══ The records ══

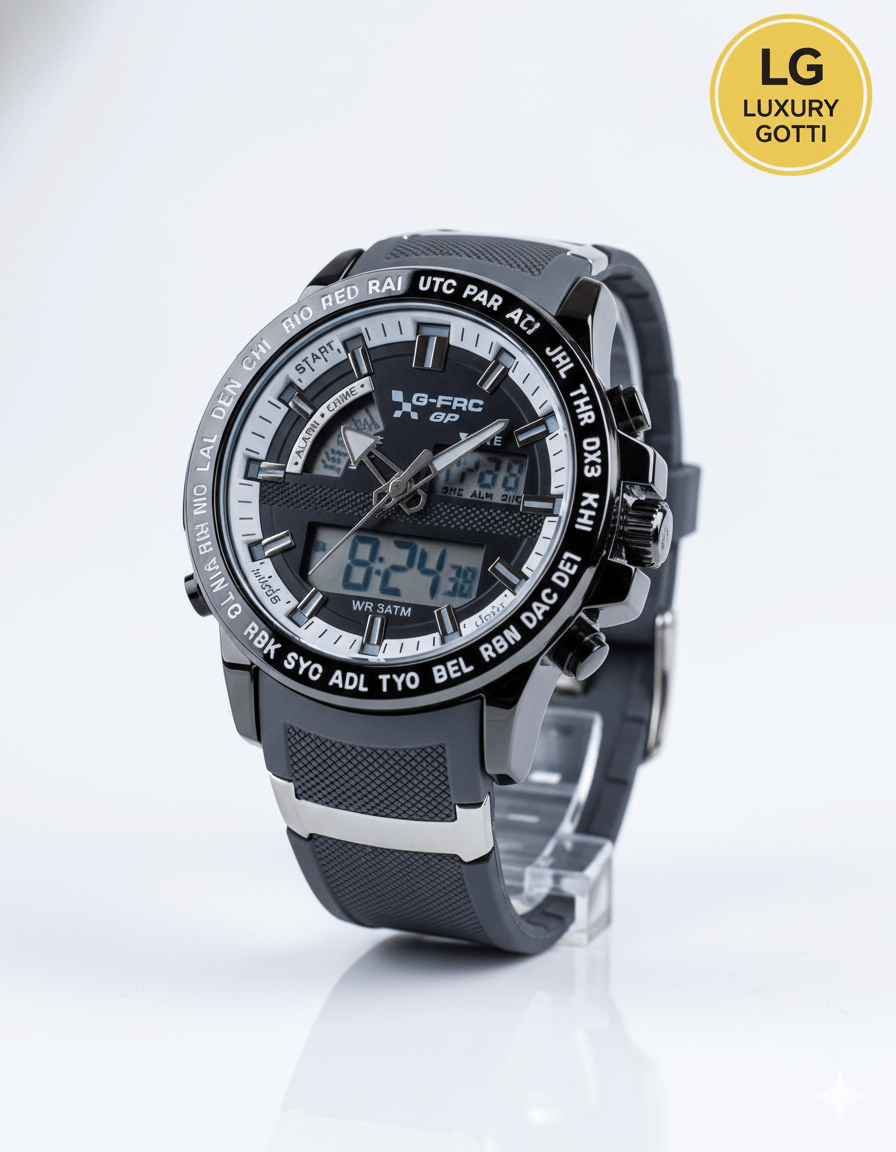 Reloj Deportivo Goma con Luz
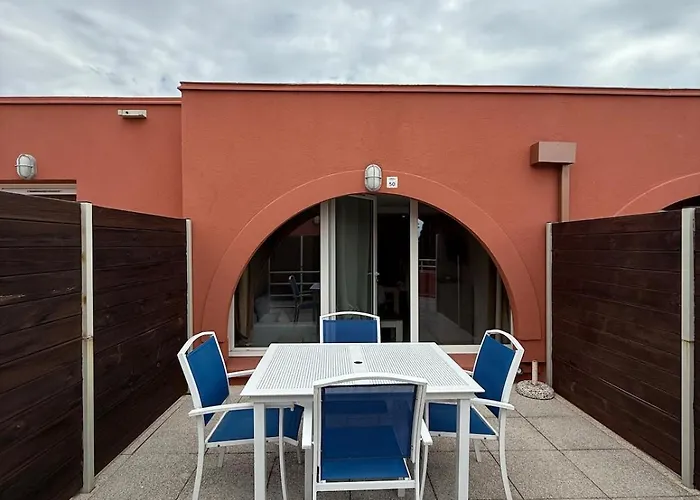 T2 Cap Terrace Piscine *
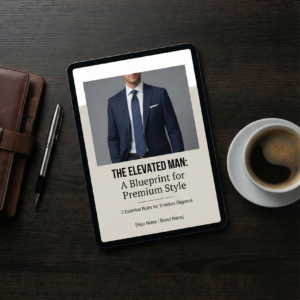 📘 The Elevated Man: A Blueprint for Premium Style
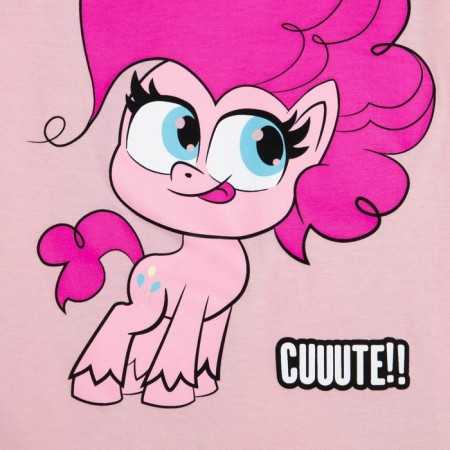 Пижама детская для девочки My Little Pony, рост 122-128-6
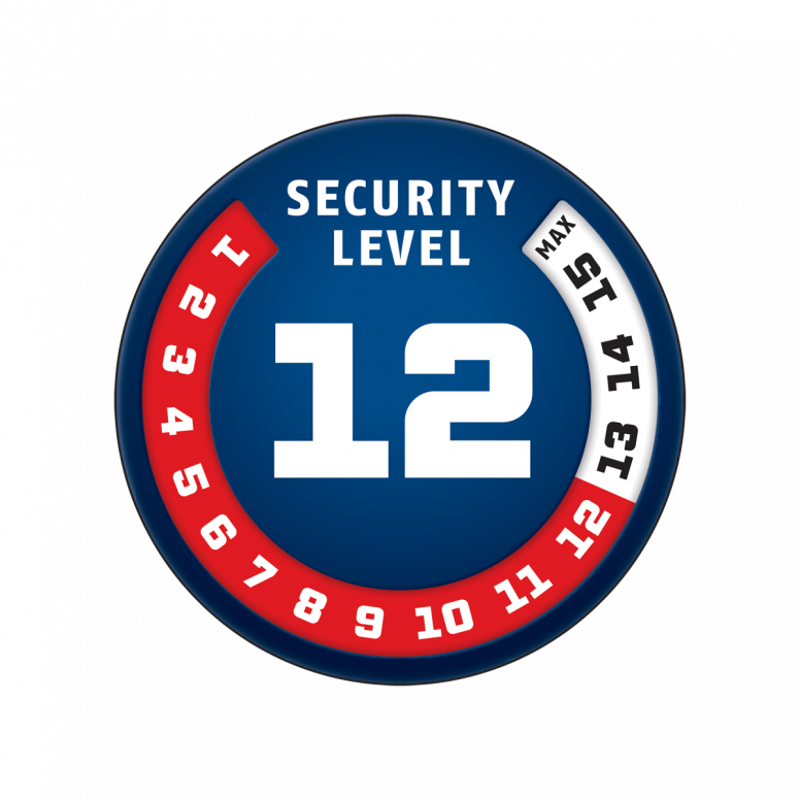 Ultimate 420 And Cable Black/Red 230mm-5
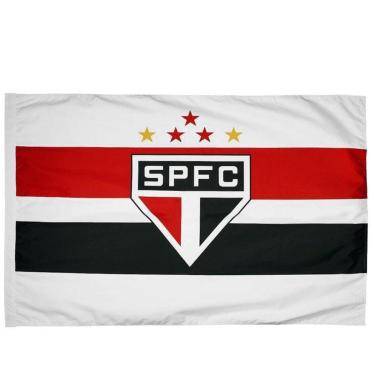 Imagem de Bandeira Oficial do São Paulo 128 x 90 cm-Unissex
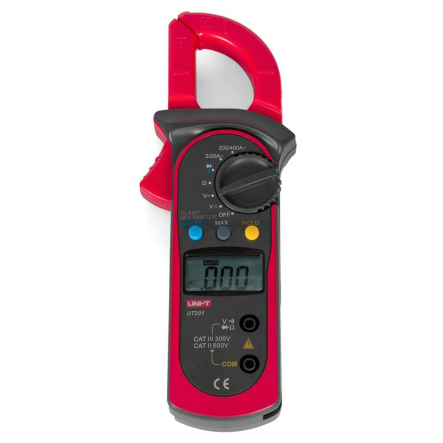 Клещи токоизмерительные UNI-T UTM 1201 (UT201) - 1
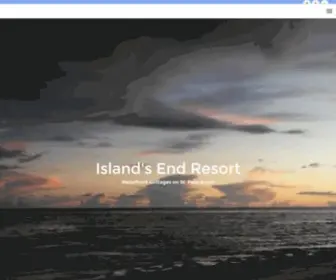 Islandsend.com(Our charming beach front resort on St. Pete Beach) Screenshot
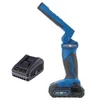 Scheppach Akku-Arbeitsleuchte C-WL20-X | 300 lm | 270° Produktbild-Vorschau 1
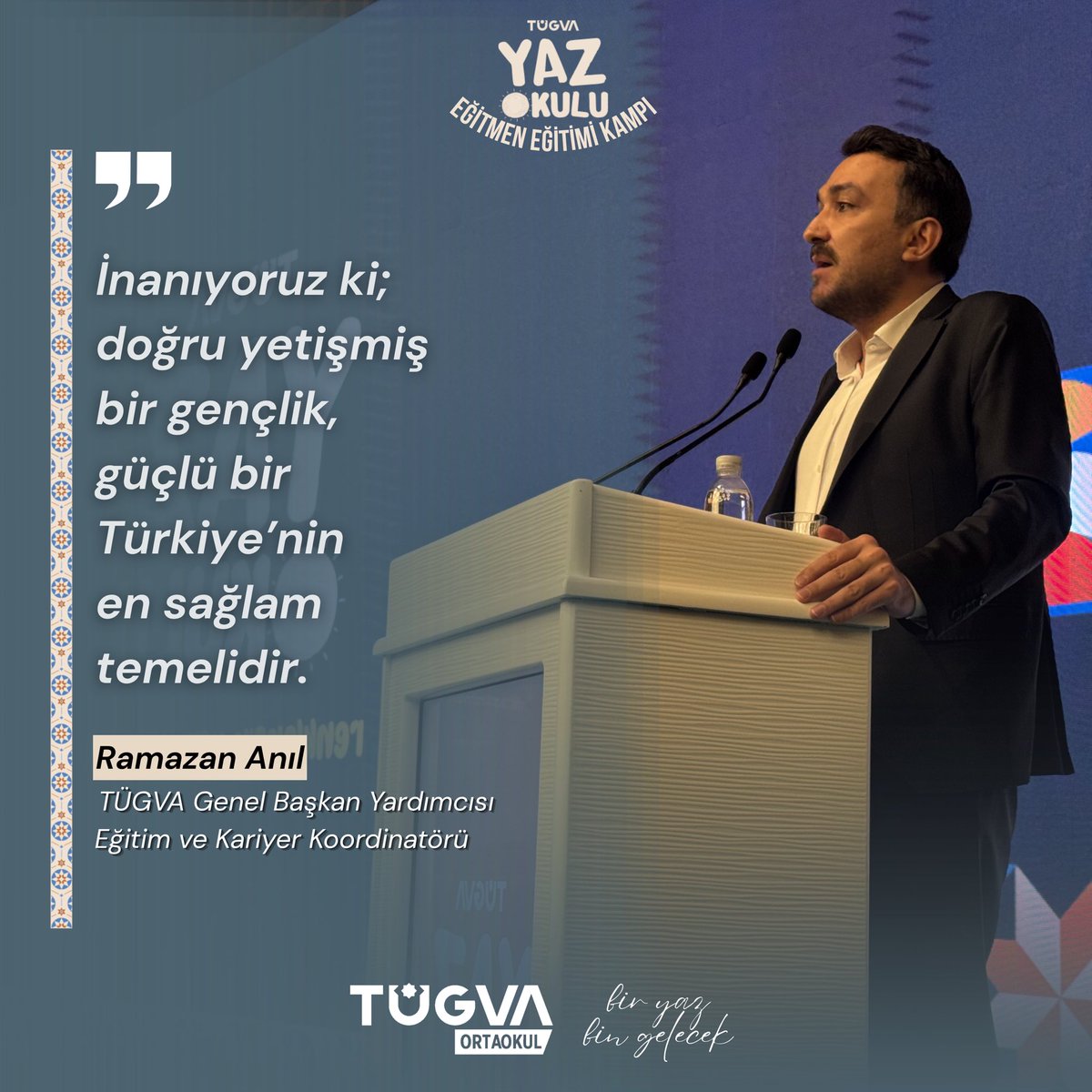 TÜGVA Ortaokul tweet media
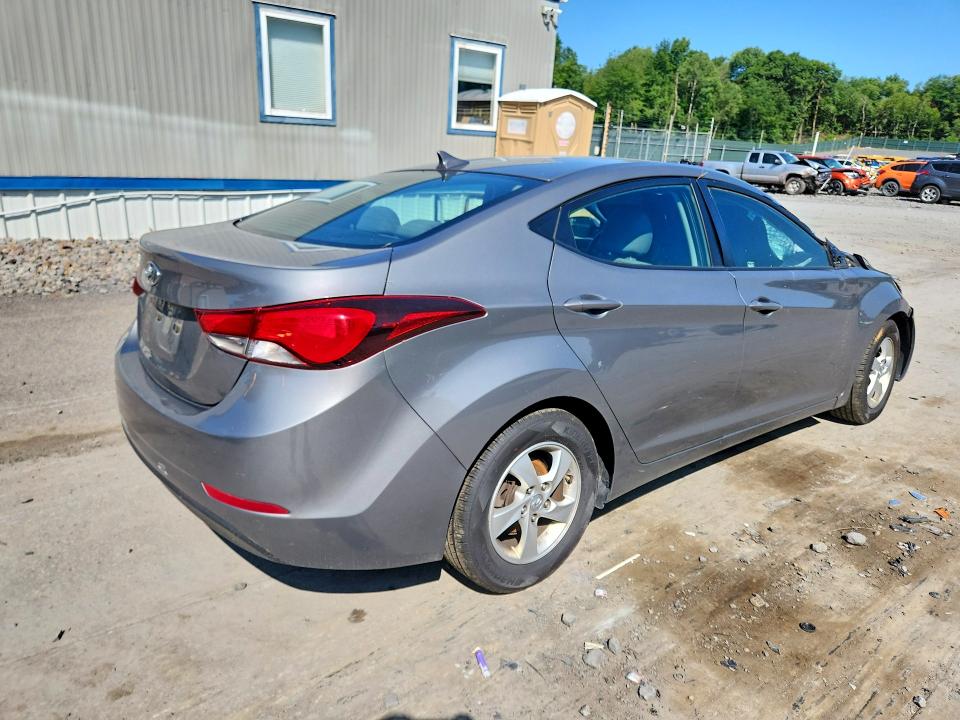 Aukcja sprzedaży 2014 Hyundai Elantra, vin: 5NPDH4AE4EH513550, numer aukcji: 61661416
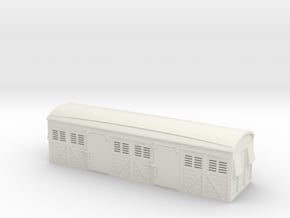 HO/OO RWS Awdry Kipper Van shell V1 in White Natural Versatile Plastic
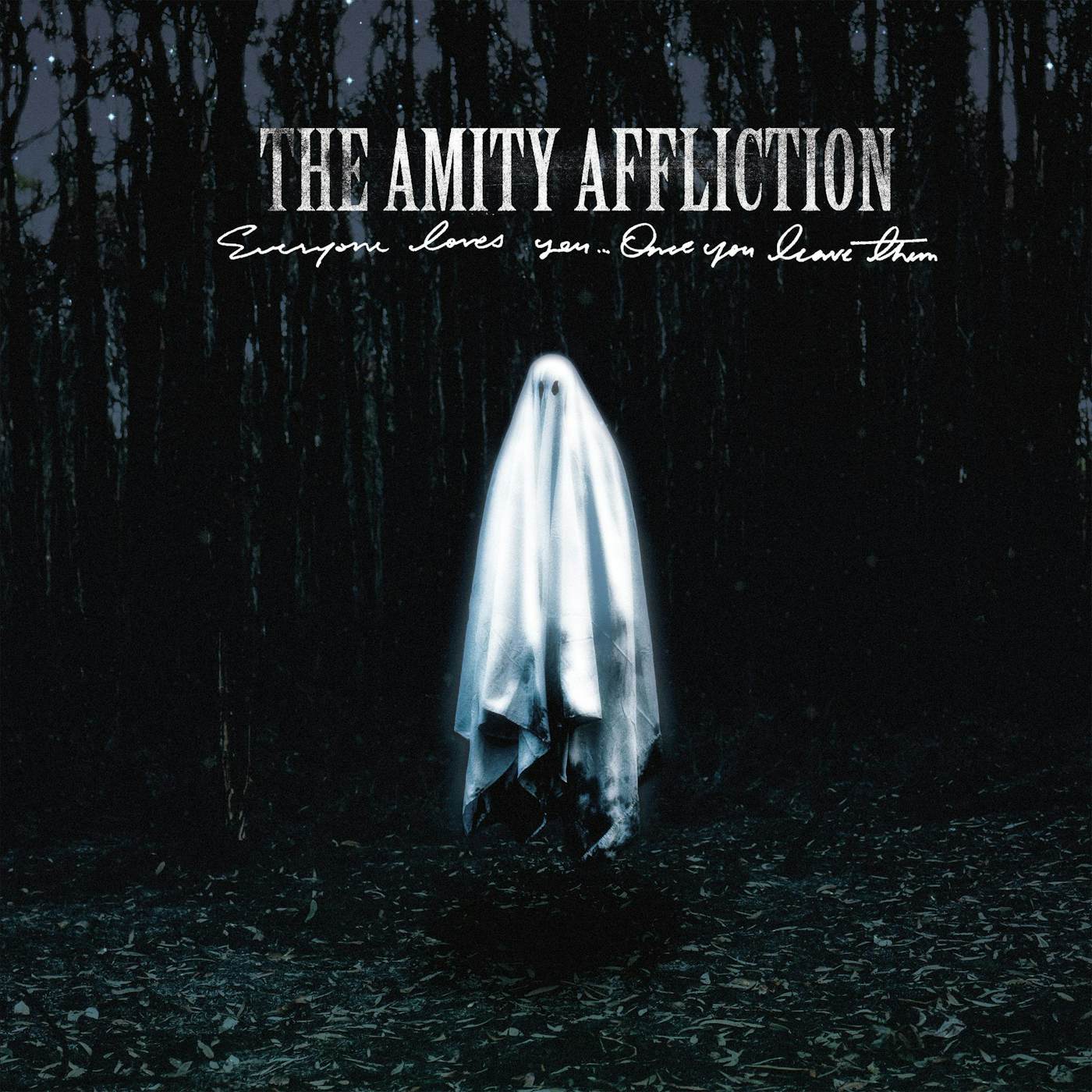 The Amity Affliction EVERYONE LOVES YOU... ONCE YOU LEAVE THEM CD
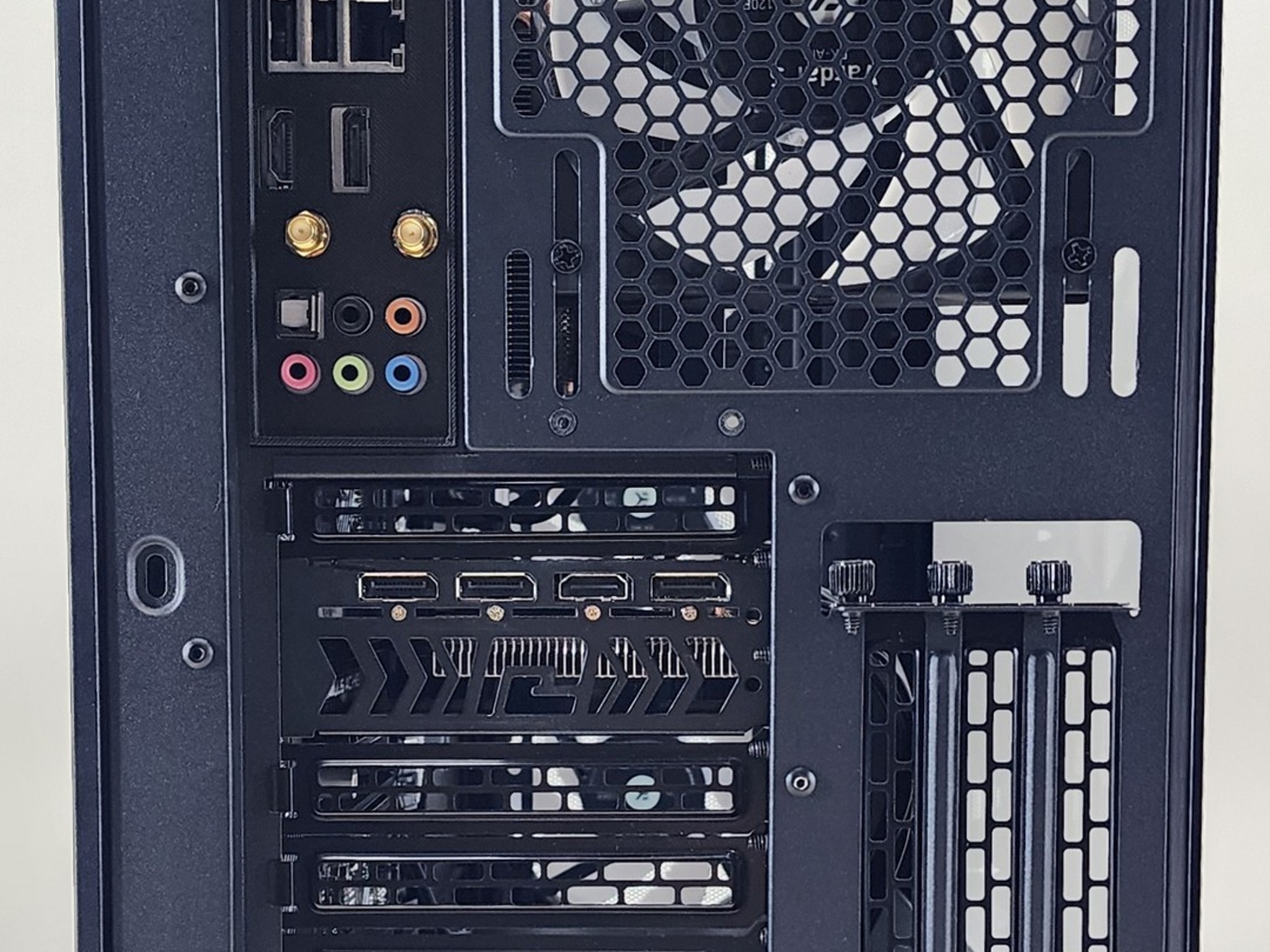 Gaming PC Ryzen 5 5500 16GB RAM 1TB SSD RX 7600 8GB Windows 11 Computer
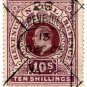 (I.B) Natal Revenue : Duty Stamp 10/-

═══

▸ **What you should do**:
Taking the records above, print only and exactly the lines from the line with "Imagem de Bandeira" to the line with "Scheppach Akku-Arbeitsleuchte C-WL20-X", both kept, and exclude pictures.

▸ **Response area**:
 Imagem de Bandeira Oficial do São Paulo 128 x 90 cm-Unissex
 Клещи токоизмерительные UNI-T UTM 1201 (UT201) - 1
 Islandsend.com(Our charming beach front resort on St. Pete Beach) Screenshot
 Scheppach Akku-Arbeitsleuchte C-WL20-X | 300 lm | 270° Produktbild-Vorschau 1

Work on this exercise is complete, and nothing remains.